Au début, il y avait la F.E.N. (Fédération de l’Éducation Nationale) plus connue sous le pseudonyme de « forteresse enseignante ». Puis en 1992, la forteresse s’est écroulée, minée de l’intérieur et assiégée par les non-enseignants…

Sans forteresse, le monde enseignant devenait vulnérable.

Cependant, une idée émise par certains de la F.E.N. de « placer l’élève au centre du système éducatif » subsista et fit son chemin; c’est cette tautologie qui perdure depuis une dizaine d’années dans l’esprit de ceux qui font et défont les politiques éducatives; tautologie car on peut se demander s’il est nécessaire d’affirmer qu’on n’éduque pas des tables ni des chaises dans une salle de classe mais plutôt ceux qui sont derrière les tables et assis sur les chaises !

Si un esprit éclairé avait seulement dit : « l’élève au centre … oui, mais nous voulons dire en réalité : l’élève et son professeur »

Il n’y aurait plus tautologie mais épanorthose.

« Et, Panor ! t’oses ?
– Oui ! »

INTERMEDE :

C’est l’histoire de Momo qui se plaint sans cesse à son père de son horrible prof de maths qui le persécute lui et tous les autres de sa classe avec des exercices ardus, des contrôles répétés.

Succombant aux gémissements de son fils, le père décide de prendre rendez-vous avec le prof qui les reçoit lui et Momo :

« – Vous vouliez me voir, qu’est-ce qui vous amène ?
– Eh bien monsieur, voilà, Momo n’en peut plus des maths et moi je n’en peux plus de ses plaintes.

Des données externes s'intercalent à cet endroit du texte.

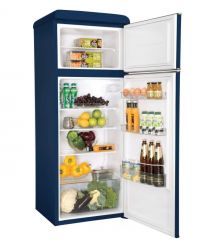 SNAIGE Холодильник Snaige з верхн. мороз., 147.5x56х63, холод.відд.-166л, мороз.відд.-46л, 2дв., A++, ST, retro, синій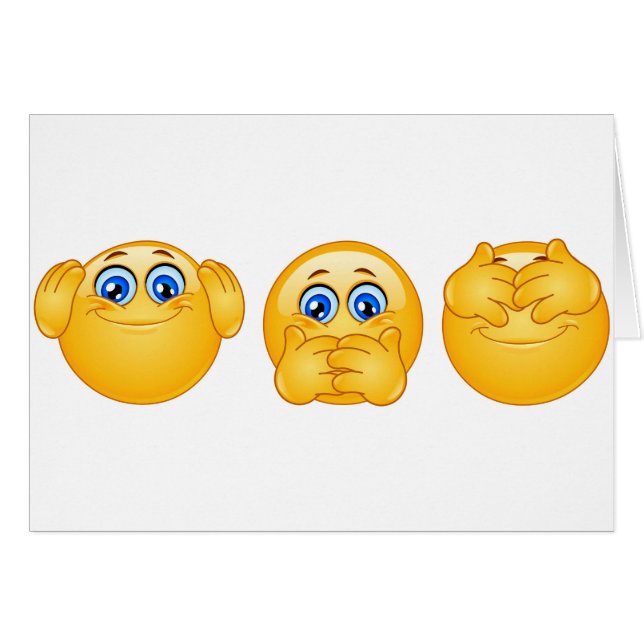 drie wijzen emojus (Voorkant Horizontaal)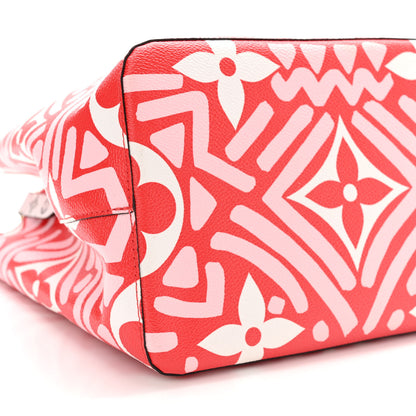Louis Vuitton Monogram Giant Crafty NeoNoe MM Rouge Rose Creme 8 of 9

Vos cours sont trop durs, vos contrôles sont trop durs, vous-même êtes trop dur : vous traumatisez mon fils ! »

Alors, le prof de maths, s’adressant à Momo : « – Momo, deux et deux, ça fait combien ?

Et Momo de s’écrier : « – Ah ! Tu vois papa, i r’commence !!!! . »

FIN DE L’INTERMEDE.

Plus sérieusement : dans ses Propos de pédagogie, le philosophe Alain, écrivait : « Il faut que l’enfant connaisse le pouvoir qu’il a de se gouverner et d’abord de ne point se croire » (C’est nous qui soulignons) Or, non seulement la « Totologie » fait de l’enfant/de l’élève, un ignorant mais encore un petit tyran.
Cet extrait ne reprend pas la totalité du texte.